__Exercise prompt__
Set down every entry again, exactly as it appears.

━━ Task material ━━

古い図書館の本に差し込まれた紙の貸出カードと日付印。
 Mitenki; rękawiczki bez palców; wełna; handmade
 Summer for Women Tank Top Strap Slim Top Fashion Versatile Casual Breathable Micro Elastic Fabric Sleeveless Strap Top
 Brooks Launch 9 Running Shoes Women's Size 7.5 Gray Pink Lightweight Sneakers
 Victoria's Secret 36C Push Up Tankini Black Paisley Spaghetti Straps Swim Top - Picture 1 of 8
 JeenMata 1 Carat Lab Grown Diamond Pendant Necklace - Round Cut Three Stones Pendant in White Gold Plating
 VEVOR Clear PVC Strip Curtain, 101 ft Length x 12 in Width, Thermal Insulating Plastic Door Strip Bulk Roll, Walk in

━━━

__Written solution__
古い図書館の本に差し込まれた紙の貸出カードと日付印。
 Mitenki; rękawiczki bez palców; wełna; handmade
 Summer for Women Tank Top Strap Slim Top Fashion Versatile Casual Breathable Micro Elastic Fabric Sleeveless Strap Top
 Brooks Launch 9 Running Shoes Women's Size 7.5 Gray Pink Lightweight Sneakers
 Victoria's Secret 36C Push Up Tankini Black Paisley Spaghetti Straps Swim Top - Picture 1 of 8
 JeenMata 1 Carat Lab Grown Diamond Pendant Necklace - Round Cut Three Stones Pendant in White Gold Plating
 VEVOR Clear PVC Strip Curtain, 101 ft Length x 12 in Width, Thermal Insulating Plastic Door Strip Bulk Roll, Walk in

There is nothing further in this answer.